In Georgia Spain’s painting our complex physical interconnection is explored through bodies in groupings. Each work touches at an instinctual engagement between people in crisis or communion. As figures emerge in the paint through gesture and layer, their dependence on one another is palpable. These are expressive bodies, human and animal, in relation.
Spain’s studio lies in the bush near Hobart, Tasmania. The Beginning in blue (left in red) paintings were made there during Australia’s most recent bushfire season. I found a clue to the show’s title on her studio wall: blue = known, red = the unknown. This seems both an observation on the puzzle of painting and a note on the shifting colour of a bushfire sky. Pinned to the studio wall are a few pictures documenting the recent fires. The beach and related paintings have located their deep red settings via these colour references. Spain may look to a family photo or media image to begin but soon diverts and immerses into the space of the painting. The surfaces show the malleability and adjustment that oil paint offers. The central embrace in Comfort becomes a kind of double figure. Limbs, torsos and faces reform dynamically.

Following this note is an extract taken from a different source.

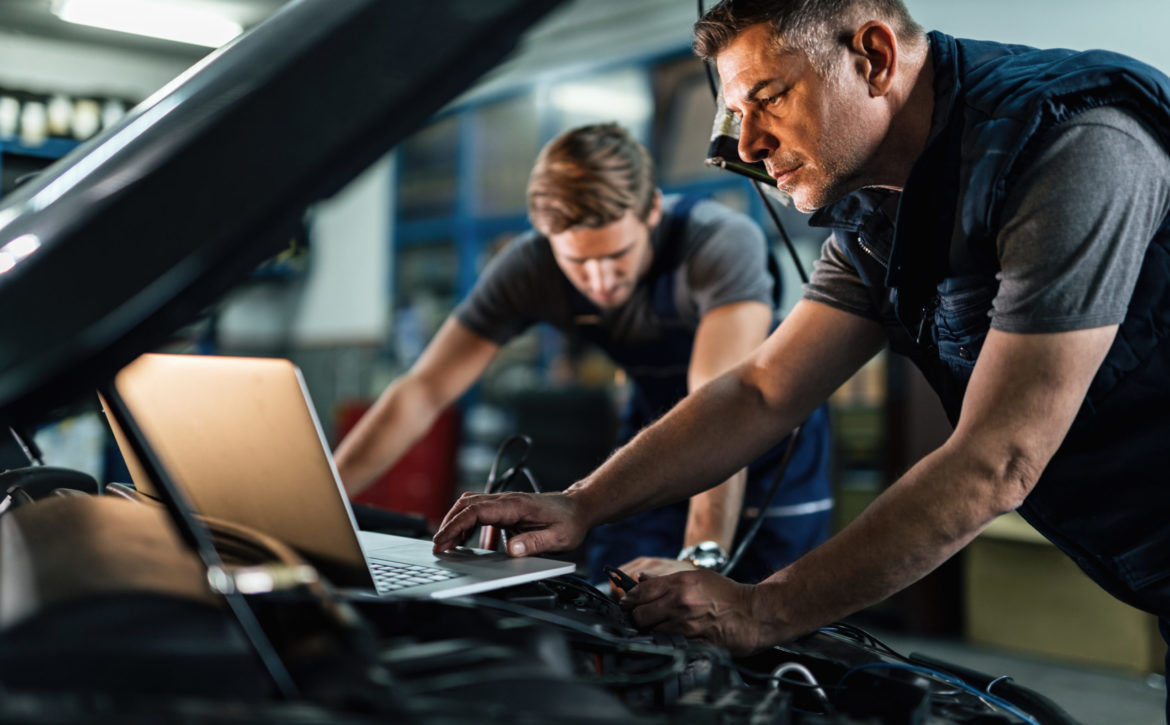Auto mechanic using laptop while working on car diagnostic with his coworker.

Two catastrophes have directed and now redirected our movements. Georgia Spain’s work binds together these new forms of association as shared physical and emotional states: vulnerability, separation, loss, communion. And while her work explores crisis, there is a deep sense of care and connection evident here.
Georgia Spain was born in London and graduated from the Victorian College of Arts in 2015. She has shown in various group and solo shows. This is Georgia Spain’s first solo show with The Egg & Dart.